Vázquez ha indicado también que otro de los motivos por los que han decidido retomar la protesta en la calle, aunque, según ha advertido, los médicos se lo desaconsejan por las secuelas de la huelga de hambre de febrero, responde al "incumplimiento" por parte del Gobierno de crear una mesa de trabajo "digna" en la que participara esta asociación junto a otras organizaciones, comunidades autónomas y ministerios para hacer propuestas de mejora de la protección de las víctimas de la violencia machista.

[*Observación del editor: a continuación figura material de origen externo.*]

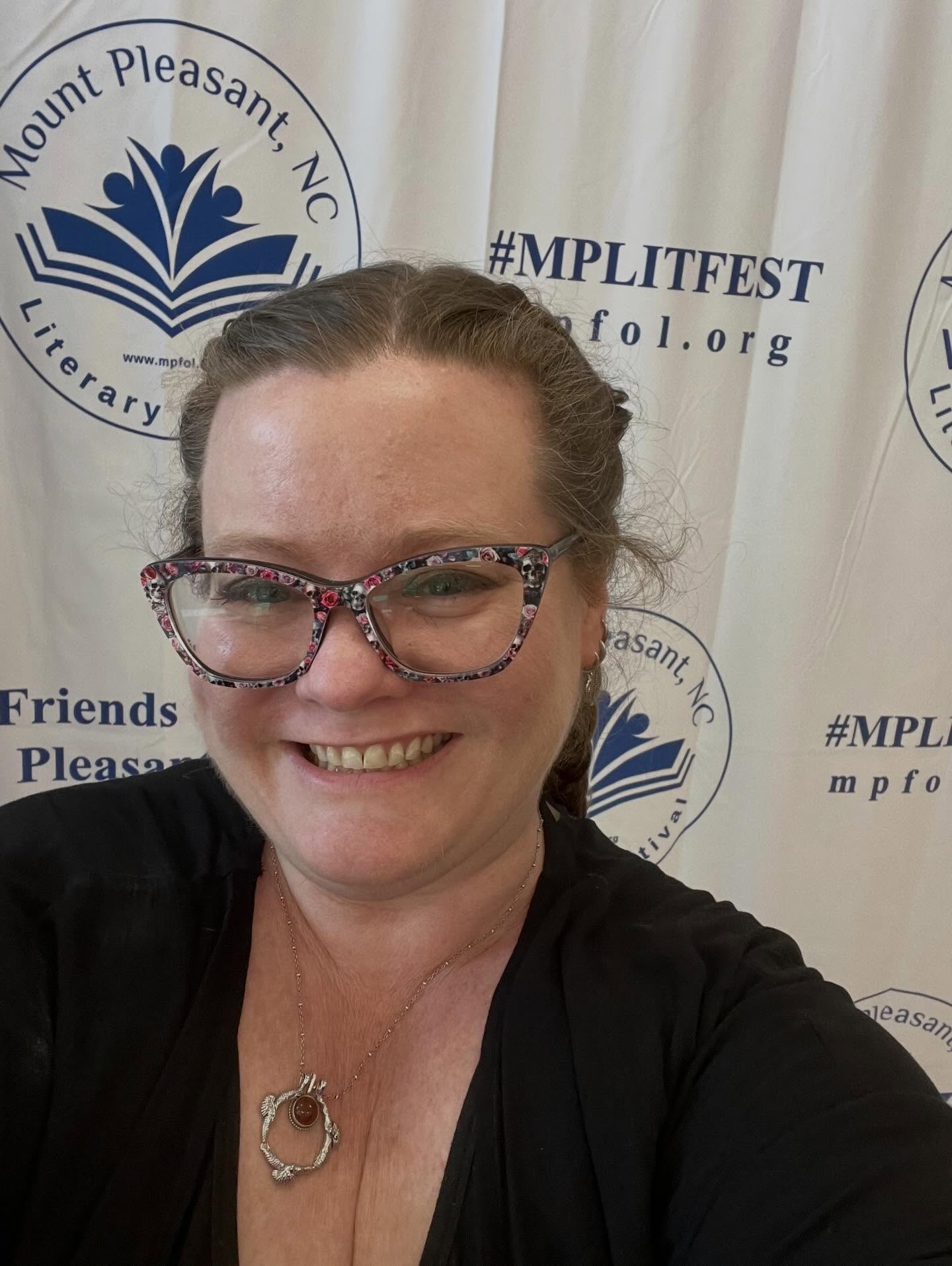 March photo dump: 1️⃣ Attending @mtpleasantfol was fantastic! Loved being there!
2️⃣ While I was gone (for only one day!) the kid redid my office for me
3️⃣ My new ring from @shetlandjewellery that features a ship and a blue stone that reminds me of water to celebrate DRAGON OF THE DEEP
4️⃣ Look at this distinguished lady, mm, yes, sitting so pretty
5️⃣ I planted seeds and they are growing and gonna be sunflowers and tomatoes!
6️⃣ Dexter helped me start writing my next book with @sara_raasch
7️⃣ except that was hard so he went to sleep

El pasado 18 de abril antes de la segunda reunión de este grupo de trabajo, constituido en el seno del Observatorio Esatatal contra la Violencia de Género, estas activistas anunciaron que lo dejaban tras sentirse "relegadas".

Sobre esto último, fuentes del Ministerio de Sanidad, Servicios Sociales e Igualdad explicaron que el Observatorio es el órgano legalmente establecido para el análisis y estudio de la violencia machista y que la sesión constitutiva del grupo de trabajo el 30 de marzo contó con la presencia de la presidenta de la Asociación Ve-la luz, aun cuando su organización no forma parte del Observatorio, al igual que otras asociaciones de mujeres y ONG, a las que también se dio entrada.

Testimonios

Entre las participantes en el ayuno, se encuentra Sonia, de 49 años, procedente de Villalba (Madrid), que superó una situación de violencia machista con sus dos hijos y quien ha resaltado que "hay que hacer presión y manifestarse porque siguen muriendo mujeres y niños y no se hace nada".

Otra de las participantes, Tatiana, de 37 años, proveniente de A Coruña (Galicia), que sobrevivió a la violencia machista con tres hijos, ha hecho un llamamiento a sumarse a la protesta de la Puerta del Sol, dar la cara y lanzar un grito para "cambiar este país".